Hydroxychloroquine, originally designed to treat malaria, was previously considered a potential treatment for COVID-19, the disease that can result from the SARS-CoV-2 coronavirus. It has received some high-level support, notably from President Donald Trump, who at one point claimed that he took it regularly.

A colony of coronavirus.

Image source: Getty Images.

The pharmaceutical giant’s decision follows the World Health Organization’s (WHO) halt of its own clinical trials on hydroxychloroquine and a ban on the use of the drug by several European countries. The source of his concern is a recent article published in the UK medical journal. The Lancet, indicating an increase in death rates from taking the drug.

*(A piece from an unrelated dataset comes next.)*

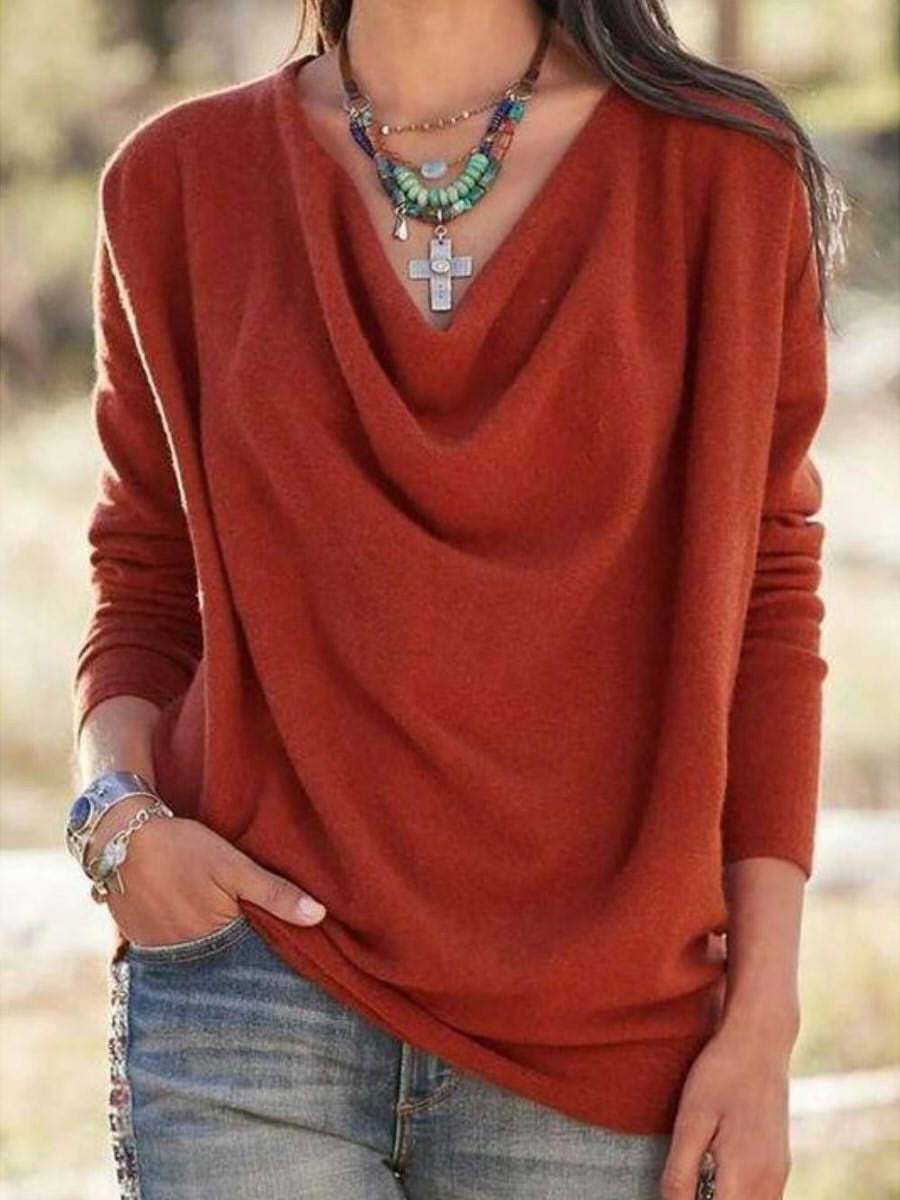 Cowl Neck Sweater for Women - Relaxed - Image 1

This document, which is based on an analysis of medical records, is not the only research that has revealed that the drug may not be suitable for COVID-19 patients. Last month, a similar analysis of 368 American veterans also indicated high death rates in patients receiving treatment.

Sanofi has conducted two randomized controlled clinical trials to test the effectiveness of hydroxychloroquine in the fight against COVID-19. One was a multinational study involving 210 patients with an early stage of the disease. These people had not been hospitalized. The other, more significant, involved about 300 people with moderate to severe forms of the disease who had been hospitalized; it was limited to Europe.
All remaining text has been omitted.